TASK STATEMENT:
Repeat the data word for word and skip the pictures.

---------- DATA TO EXAMINE

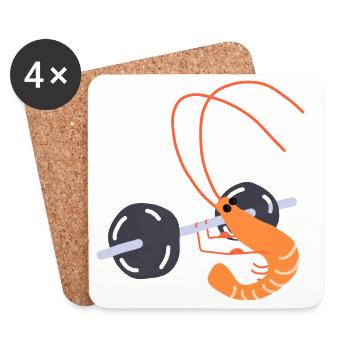 Bodybuilding sallle shrimp - Coasters (set of 4) - white - Front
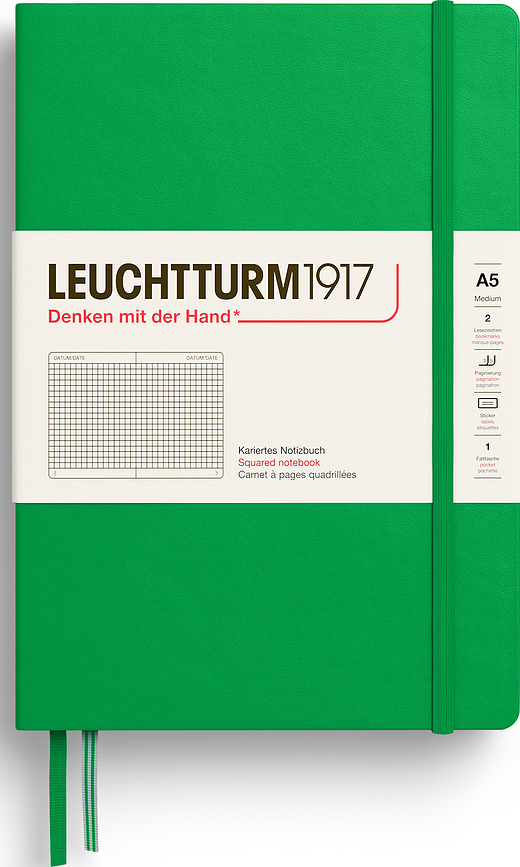 Leuchtturm 1917 тетрадка на квадратчета с твърди корици, A5, 251 страници, светлозелена, 80 g/m²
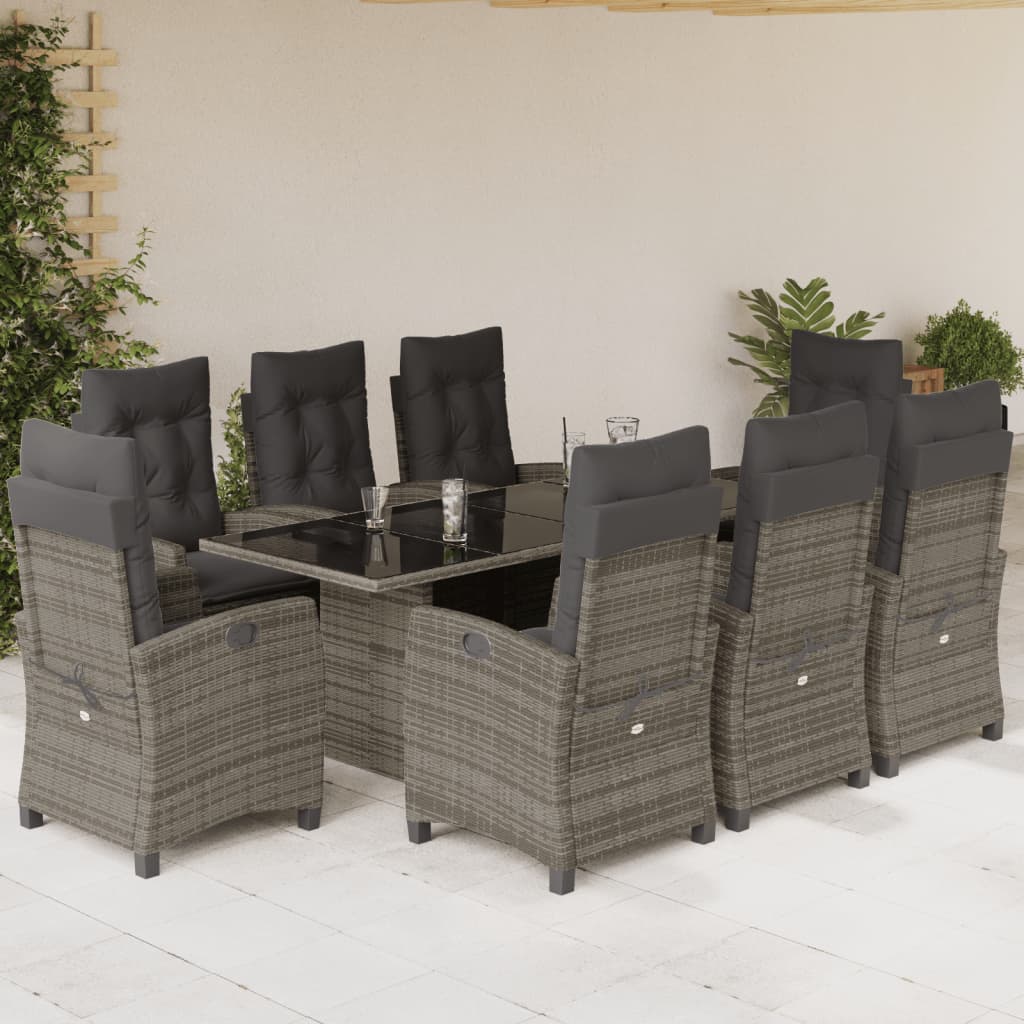 Gray Woven Outdoor Dining Set with Cushions (Seats 8)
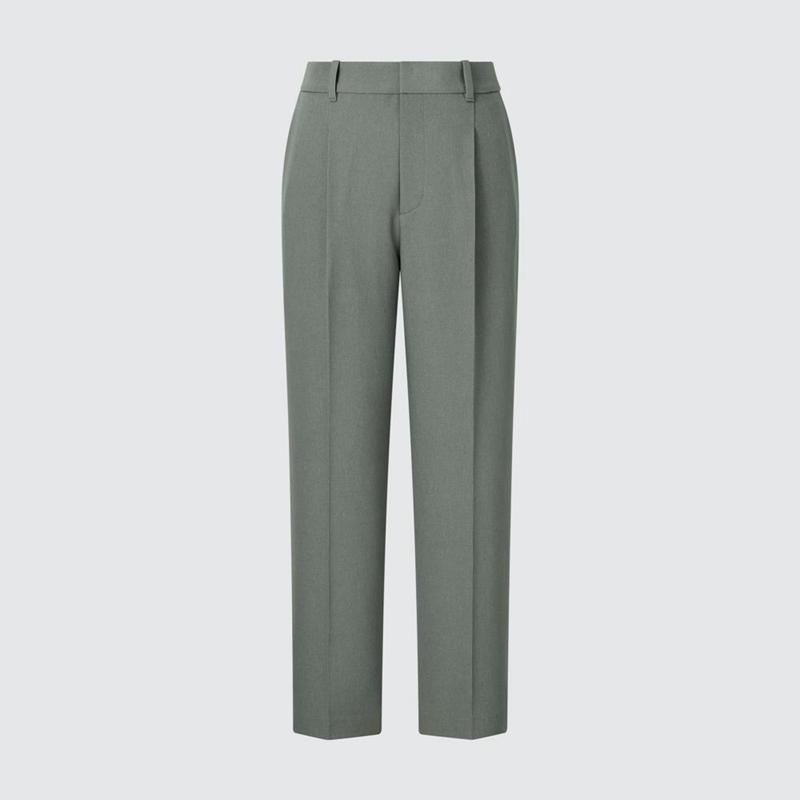 Uniqlo AirSense Pleated (Short) Women Trousers Olive  US |  AZXO-21740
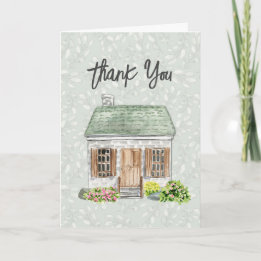 Carte De Remerciements Watercolor House Immobilier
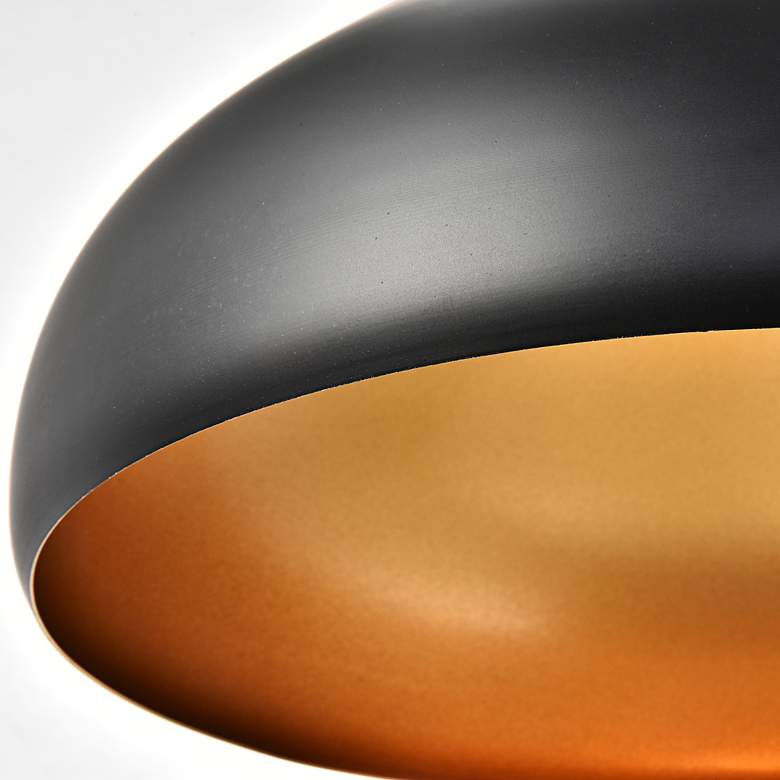 Image 3 Circa 12 1/2" Wide Black Dome Pendant Light more views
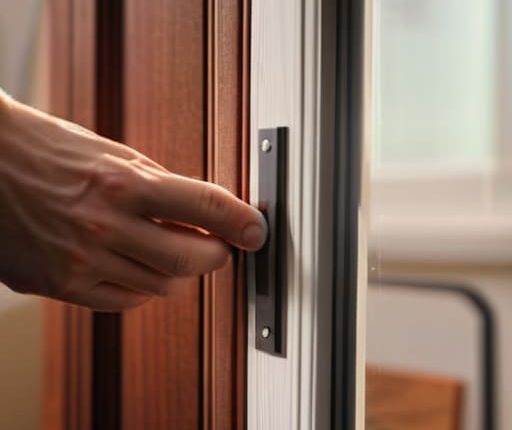 Person weatherstripping a door for energy efficiency.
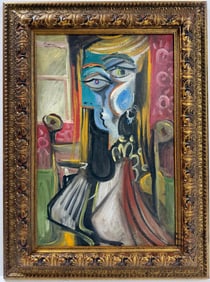 Pablo Picasso Spanish 1881-1973 Beautiful Oil on canvas Painting in the style of Dali, Magritte, Era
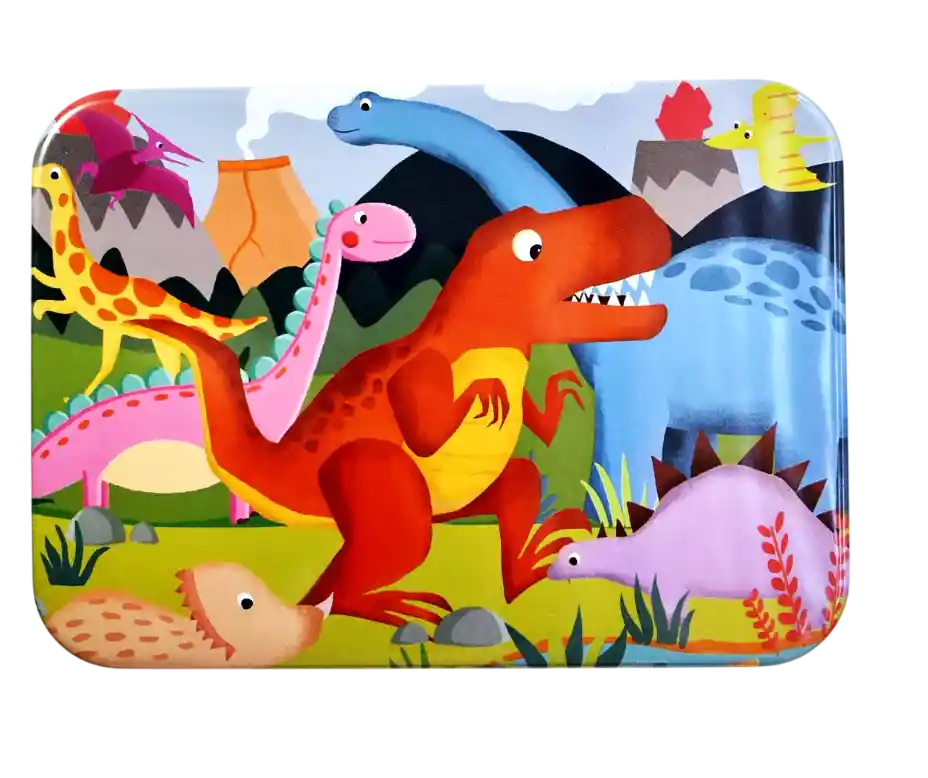 Rompecabezas Carton Caja Metal Dinosaurio 120 Pz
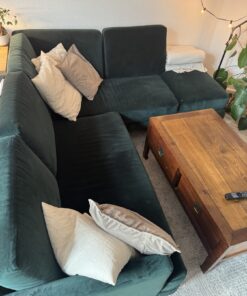 Westwing Sofa Fluente Samt dunkelgrün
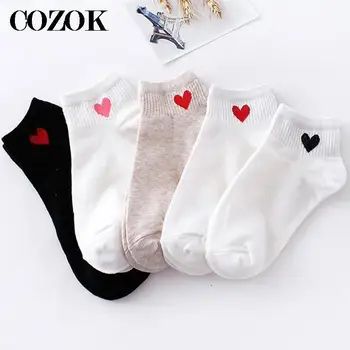 5 Пар Модных Корейских Японских носков Harajuku, милые хлопчатобумажные носки, Женские Однотонные носки с сердечком любви, Женские забавные носки до щиколотки для девочек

--------------------

ANSWER BOX:
 Bodybuilding sallle shrimp - Coasters (set of 4) - white - Front
 Leuchtturm 1917 тетрадка на квадратчета с твърди корици, A5, 251 страници, светлозелена, 80 g/m²
 Gray Woven Outdoor Dining Set with Cushions (Seats 8)
 Uniqlo AirSense Pleated (Short) Women Trousers Olive  US |  AZXO-21740
 Carte De Remerciements Watercolor House Immobilier
 Image 3 Circa 12 1/2" Wide Black Dome Pendant Light more views
 Person weatherstripping a door for energy efficiency.
 Pablo Picasso Spanish 1881-1973 Beautiful Oil on canvas Painting in the style of Dali, Magritte, Era
 Rompecabezas Carton Caja Metal Dinosaurio 120 Pz
 Westwing Sofa Fluente Samt dunkelgrün
 5 Пар Модных Корейских Японских носков Harajuku, милые хлопчатобумажные носки, Женские Однотонные носки с сердечком любви, Женские забавные носки до щиколотки для девочек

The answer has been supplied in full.